AIM OF THE TASK:
Filter the records below for the word "Stockfoto". Copy each line that holds it.

Start of RECORDS FOR THE EXERCISE

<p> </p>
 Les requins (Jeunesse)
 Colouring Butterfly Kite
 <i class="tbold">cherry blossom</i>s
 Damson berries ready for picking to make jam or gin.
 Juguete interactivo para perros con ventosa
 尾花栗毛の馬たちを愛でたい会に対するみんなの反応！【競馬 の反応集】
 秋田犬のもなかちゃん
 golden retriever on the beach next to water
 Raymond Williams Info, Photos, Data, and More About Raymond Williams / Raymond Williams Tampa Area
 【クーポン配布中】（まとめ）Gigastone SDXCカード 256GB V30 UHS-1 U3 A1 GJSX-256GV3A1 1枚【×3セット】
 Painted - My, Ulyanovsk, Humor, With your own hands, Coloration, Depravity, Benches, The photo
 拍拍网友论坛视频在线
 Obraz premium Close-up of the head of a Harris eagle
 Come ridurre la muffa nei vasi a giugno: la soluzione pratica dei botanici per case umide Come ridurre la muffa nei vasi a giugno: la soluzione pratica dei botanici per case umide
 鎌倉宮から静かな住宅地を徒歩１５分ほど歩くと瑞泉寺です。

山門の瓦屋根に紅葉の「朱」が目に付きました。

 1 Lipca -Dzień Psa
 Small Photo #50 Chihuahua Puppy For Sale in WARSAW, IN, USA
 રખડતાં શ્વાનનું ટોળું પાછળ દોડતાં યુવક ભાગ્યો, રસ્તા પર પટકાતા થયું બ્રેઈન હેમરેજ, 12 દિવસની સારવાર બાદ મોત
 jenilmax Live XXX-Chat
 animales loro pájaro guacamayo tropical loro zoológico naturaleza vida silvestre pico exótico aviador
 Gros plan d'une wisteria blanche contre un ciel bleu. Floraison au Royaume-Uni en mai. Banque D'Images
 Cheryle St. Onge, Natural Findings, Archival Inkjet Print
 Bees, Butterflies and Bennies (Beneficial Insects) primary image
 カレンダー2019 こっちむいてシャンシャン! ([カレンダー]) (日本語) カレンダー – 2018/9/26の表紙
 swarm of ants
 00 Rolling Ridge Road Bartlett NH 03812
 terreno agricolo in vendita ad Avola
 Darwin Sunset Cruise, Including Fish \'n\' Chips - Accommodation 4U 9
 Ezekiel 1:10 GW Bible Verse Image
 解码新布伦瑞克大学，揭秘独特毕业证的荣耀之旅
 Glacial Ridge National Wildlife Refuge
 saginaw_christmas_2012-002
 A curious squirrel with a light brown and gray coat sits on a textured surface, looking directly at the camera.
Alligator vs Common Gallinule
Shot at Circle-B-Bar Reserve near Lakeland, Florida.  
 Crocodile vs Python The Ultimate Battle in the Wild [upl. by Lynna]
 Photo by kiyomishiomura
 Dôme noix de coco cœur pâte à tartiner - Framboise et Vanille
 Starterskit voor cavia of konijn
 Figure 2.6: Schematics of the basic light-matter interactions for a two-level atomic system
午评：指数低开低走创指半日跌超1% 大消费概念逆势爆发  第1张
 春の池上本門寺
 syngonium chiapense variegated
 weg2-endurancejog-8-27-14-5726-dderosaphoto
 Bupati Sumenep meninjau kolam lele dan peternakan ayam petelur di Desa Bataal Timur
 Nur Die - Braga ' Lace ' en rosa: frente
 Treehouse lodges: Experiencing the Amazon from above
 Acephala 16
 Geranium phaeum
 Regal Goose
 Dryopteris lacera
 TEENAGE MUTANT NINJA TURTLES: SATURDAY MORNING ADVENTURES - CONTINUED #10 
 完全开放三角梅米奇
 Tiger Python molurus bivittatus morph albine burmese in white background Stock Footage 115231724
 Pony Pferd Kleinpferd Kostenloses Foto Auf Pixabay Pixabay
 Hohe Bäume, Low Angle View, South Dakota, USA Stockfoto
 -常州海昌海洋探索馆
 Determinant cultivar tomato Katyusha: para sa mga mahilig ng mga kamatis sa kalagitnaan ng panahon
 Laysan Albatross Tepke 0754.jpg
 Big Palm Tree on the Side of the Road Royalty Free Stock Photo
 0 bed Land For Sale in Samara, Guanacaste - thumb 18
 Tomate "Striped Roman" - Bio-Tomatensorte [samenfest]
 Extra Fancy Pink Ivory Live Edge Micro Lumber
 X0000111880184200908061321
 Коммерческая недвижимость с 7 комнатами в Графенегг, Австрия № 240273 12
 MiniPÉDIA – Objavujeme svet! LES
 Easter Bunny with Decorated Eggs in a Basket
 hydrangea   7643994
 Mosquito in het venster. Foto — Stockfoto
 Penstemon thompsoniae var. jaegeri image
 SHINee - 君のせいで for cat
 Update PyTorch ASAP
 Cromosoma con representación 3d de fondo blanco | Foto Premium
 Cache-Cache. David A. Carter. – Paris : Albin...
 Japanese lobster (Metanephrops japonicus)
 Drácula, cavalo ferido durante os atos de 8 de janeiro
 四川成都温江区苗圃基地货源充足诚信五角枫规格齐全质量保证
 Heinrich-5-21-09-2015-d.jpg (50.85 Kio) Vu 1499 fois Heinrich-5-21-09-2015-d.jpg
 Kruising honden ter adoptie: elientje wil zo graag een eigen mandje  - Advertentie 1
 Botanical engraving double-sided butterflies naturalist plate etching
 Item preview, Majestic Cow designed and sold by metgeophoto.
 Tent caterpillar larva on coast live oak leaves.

End of RECORDS FOR THE EXERCISE

YOUR RESPONSE:
 Hohe Bäume, Low Angle View, South Dakota, USA Stockfoto
 Mosquito in het venster. Foto — Stockfoto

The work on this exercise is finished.